One of the issues with the calculations above is that it’s assumed that the allocation rate is constant. In reality, allocation rates are a function of the pressure actors are placing on the application. Given that this pressure will fluctuate, allocation rates will fluctuate. These fluctuations generally happen in such a small range that there isn’t any advantage to reacting to them. Some form of dampening will need to be employed to prevent the heap from constantly resizing. The recommendation here is to use `GCTimeRatio` to set the target GC overhead.

### Sizing Survivor

The role of Survivor is to retain objects that are longer-lived transients. It needs to be sized large enough to retain all the recently allocated objects that have survived a collection. The number of GC cycles that an object survives is known as the age of the object. When the age of an object meets the tenuring threshold, it is copied to Tenured. The max tenuring threshold in the JVM is 15.

The age table tracks the volume of data at each age. This data is used to help estimate how much data will remain in Survivor at the end of the next collection. If the amount of data that is expected to survive a collection exceeds the size of the Survivor space, then the tenuring threshold is rolled back to the point where the volume of data that will be retained will fit into the Survivor space. This condition is known as premature promotion.

There are several things that happen when data is prematurely promoted. The most damaging of these is that premature promotion increases the frequency of Full collections which will inflate GC overhead. This increase in premature promotion makes zombiism more likely. A zombie is a dead object in Tenured that is necessarily treated as a live object. Zombiism causes more data to be promoted which in turn further increases Full GC frequency which, of course, further inflates GC overhead.
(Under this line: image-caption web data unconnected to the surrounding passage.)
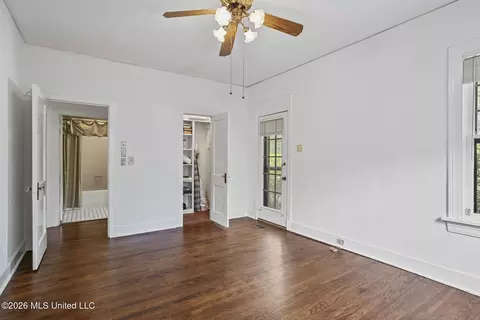Bedroom - 2010 Laurel St, Jackson, MS 39202 photo 1 of 5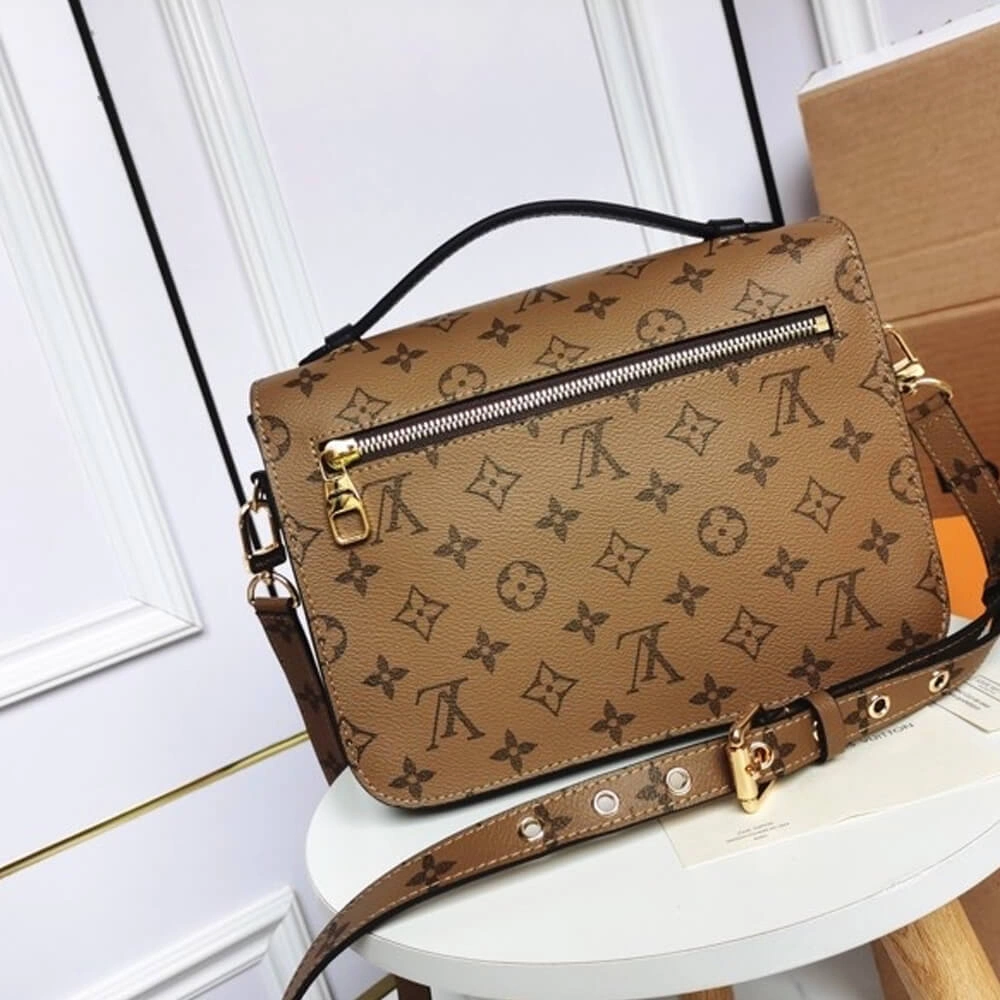 Louis Vuitton POCHETTE METIS Casual 678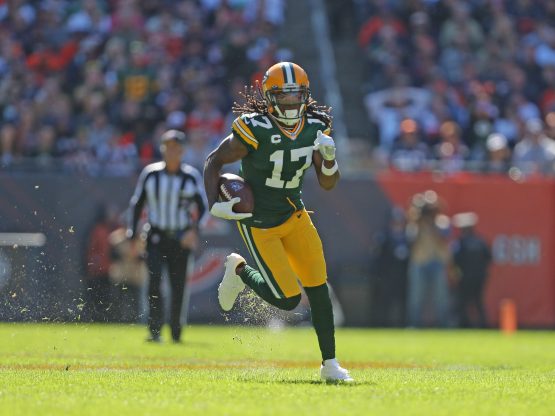 NFL: Green Bay Packers at Chicago Bears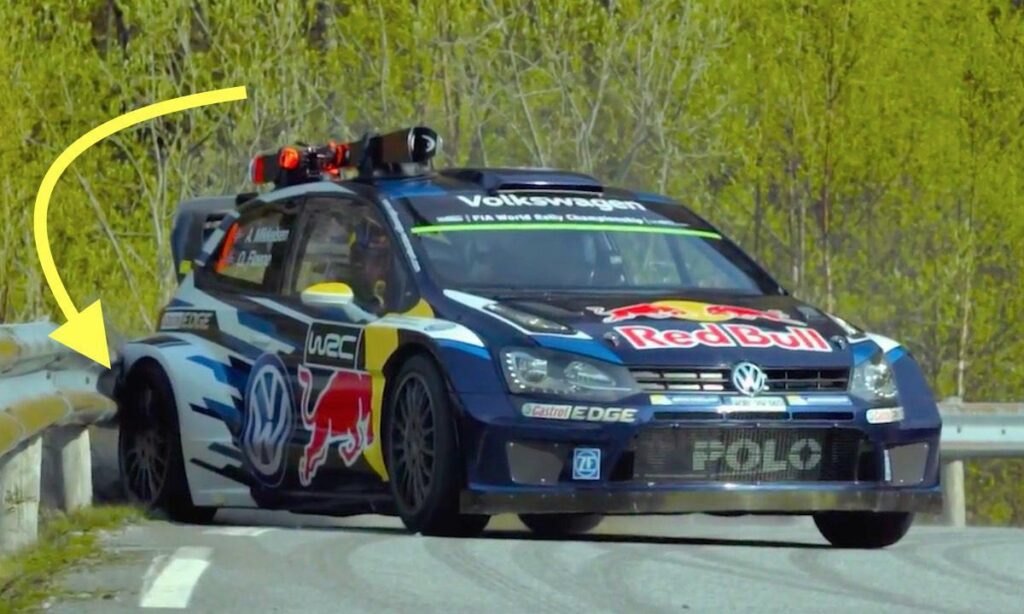 En rallybil kör nedför en väg. (AI text)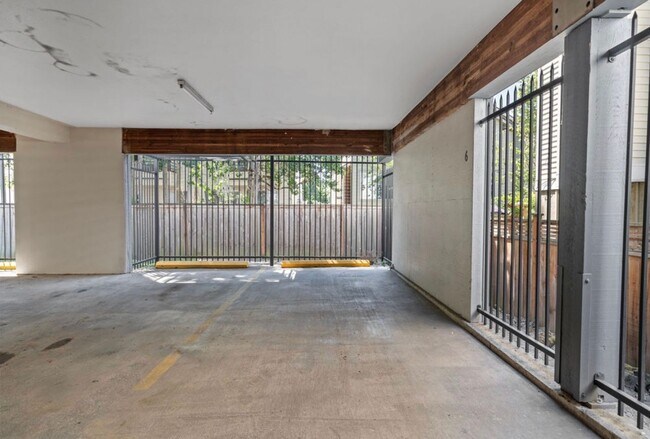 Building Photo - Top Floor 2-Bed Condo with Garage Parking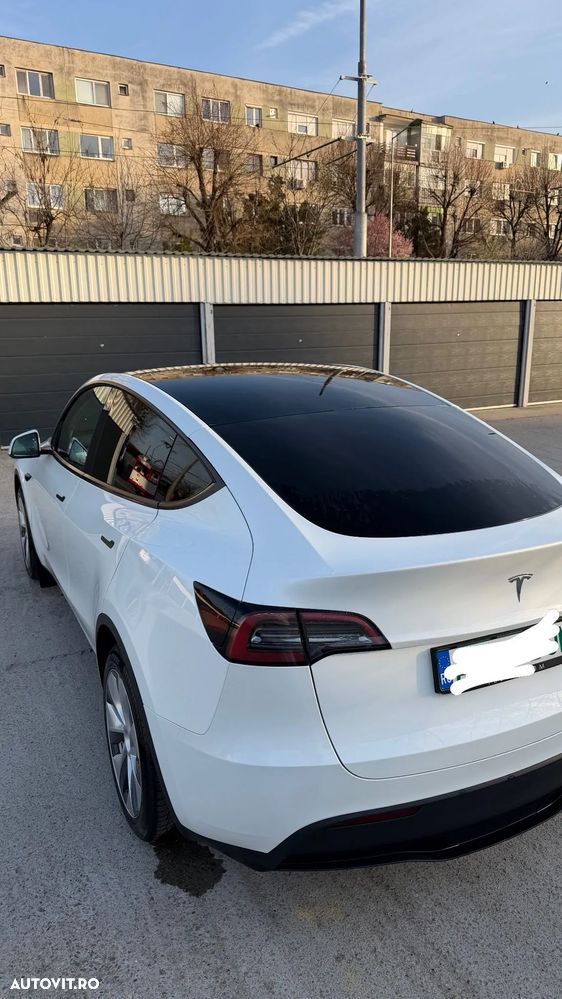 Tesla Model Y AWD Performance - 6
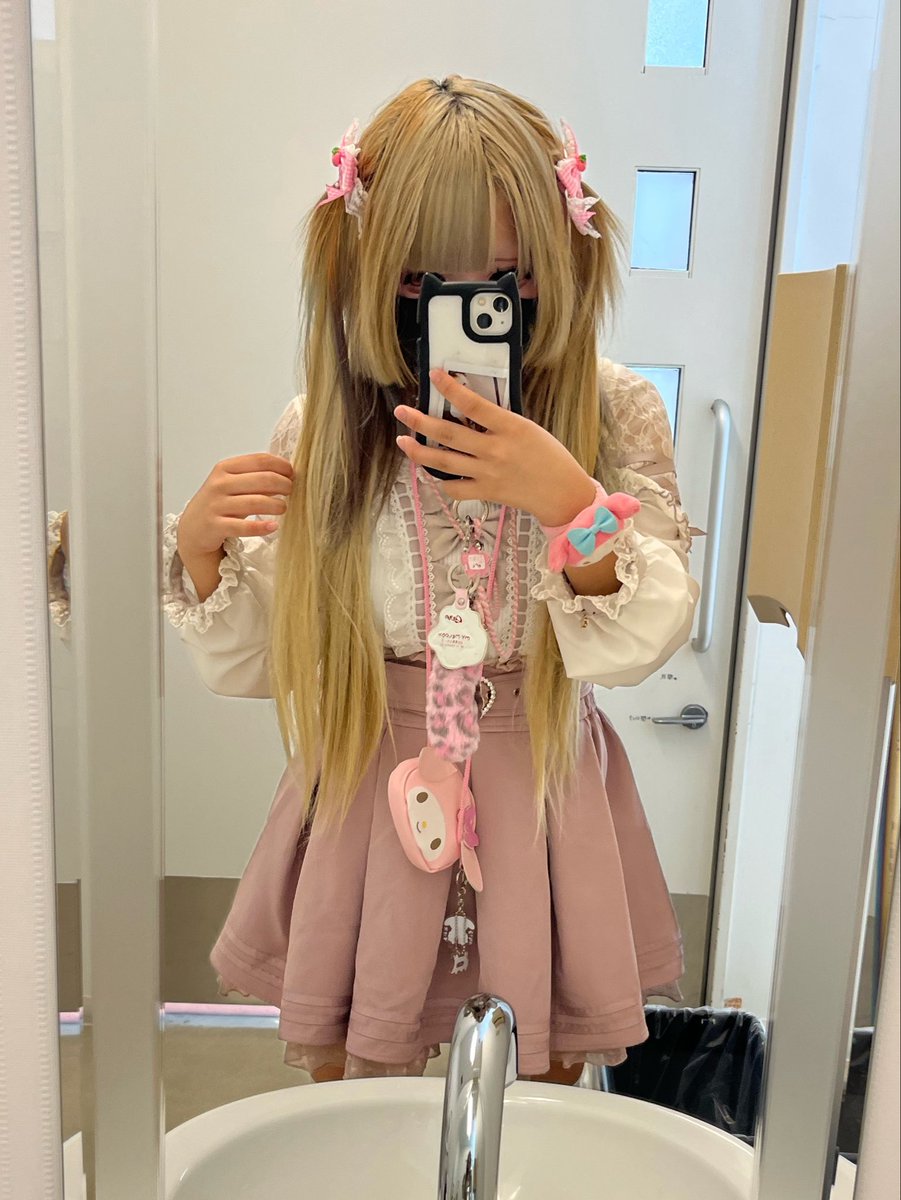 そらめろでぃ tweet media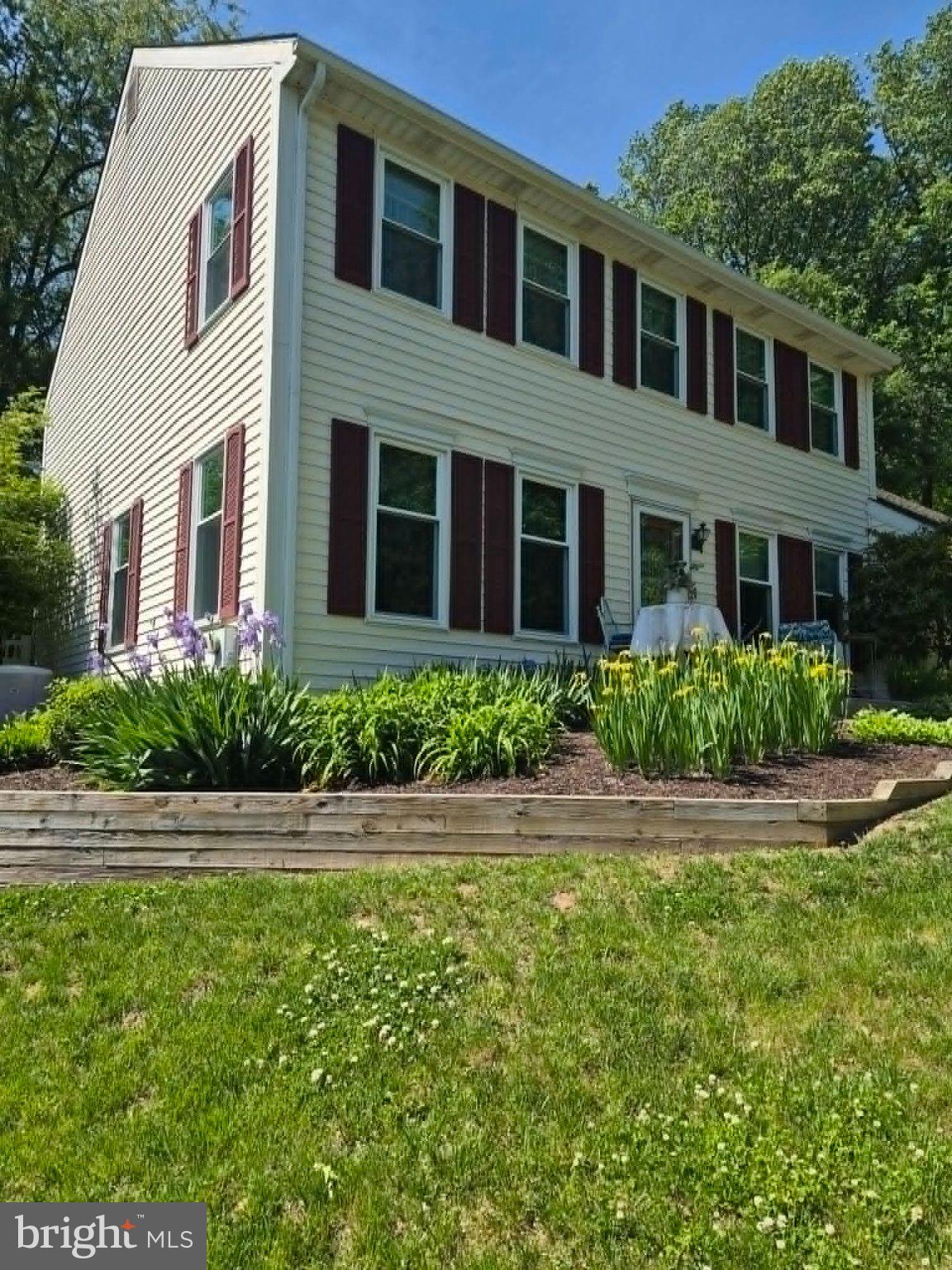 8 GLEN VIEW PLACE
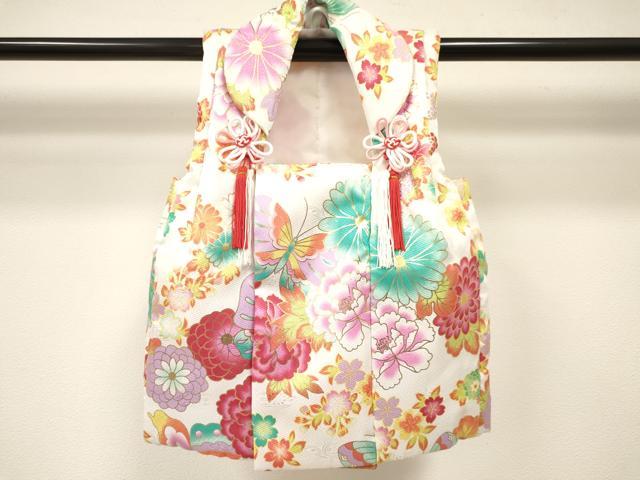 平和屋着物[]七五三　女の子　３歳　祝着　三つ身　長襦袢(単衣)・被布・草履・小物セット　花蝶文　金彩　箱付き　DABC5317ma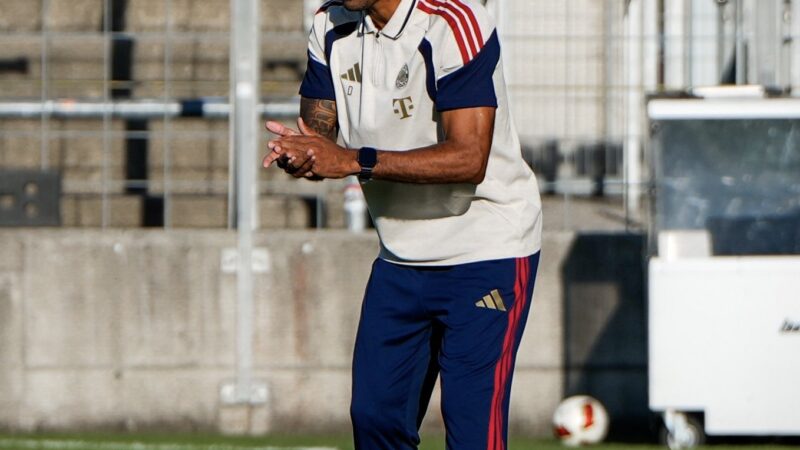 Dante faz estreia como treinador do Bayern de Munique Sub-23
There is yet another form of premature promotion known as hidden premature promotion. Hidden premature promotion occurs when the age of transient data reaches the tenuring threshold. The general cause of this is due to accelerated aging due to high Young GC frequency. While the optimal solution is to reduce the allocation rate, the solution that can be implemented here is to ensure that both the Survivor and Eden spaces are adequately sized to ensure that objects are not prematurely promoted. In addition, looking at how the Tenuring Threshold, the data in the Age table can be used to perform the necessary analysis.

The data in the age table represents the tailing edge of the curve described by the Weak Generational Hypothesis. It is this hypothesis that motivates the use of generational spaces. It states that most objects die young. The age table proves this as it almost always shows that there is a large recovery of memory from age 0, a slight smaller recovery of memory from age 1, a smaller recovery of memory from age 2, and so on. This recovery continues until at some age only long-lived data remains. It is at this age that data should be tenured as this reduces copy costs. The tenuring threshold should be set to this age as this will maximize heap recovery and minimize copy costs. It also minimizes the promotion of transients to Tenured space.

A more detailed explanation follows this brief description of the steps to tune survivor.
1. Calculate a desired survivor occupancy that is large enough to minimize premature promotion but no larger.
2. Calculate the tenuring threshold so that it balances the recovery of transients vs the copying costs for long-lived data.

The following is a sample analysis of the Age table taken from production data.

Max Tenuring Threshold = 15
Desired Survivor Occupancy = 67108864 Bytes
Number of Collection Cycles = 1384
Number of Collections that prematurely promoted = 856
Premature promotion rate = 62.8%

| Age | Average Volume (B) | Max Volume (B) |
|-----|--------------------|----------------|
| 1 | 48944511 | 189296194 |
| 2 | 21333235 | 64342000 |
| 3 | 6156835 | 53250208 |
| 4 | 1090482 | 45645728 |
| 5 | 269845 | 43009496 |
| 6 | 65743 | 43009496 |
| 7 | 11744 | 5973464 |
| 8 | 2791 | 3807256 |
| 9 | 0 | 0 |
| 10 | 0 | 0 |
| 11 | 0 | 0 |
| 12 | 0 | 0 |
| 13 | 0 | 0 |
| 14 | 0 | 0 |
| 15 | 0 | 0 |

The average total occupancy of survivor is 77,875,176B which is larger than 67,108,864B desired survivor occupancy. This is an indication that the premature promotion problem is severe, and consequently survivor space needs to be aggressively enlarged. In these cases, a 2x enlargement would be recommended. The goal is to keep increasing the size of survivor until there is little to no premature promotion. At this point, the desired survivor occupancy can be calculated by summing up the 90-percentile occupancies for each age. Note that the desired survivor occupancy is by default, 50% of the total survivor space size. This desired survivor occupancy is user configurable and is sometimes set as high as 90%. Not only does this configuration need to be respected, but it also needs to be known because it affects the sizing calculations.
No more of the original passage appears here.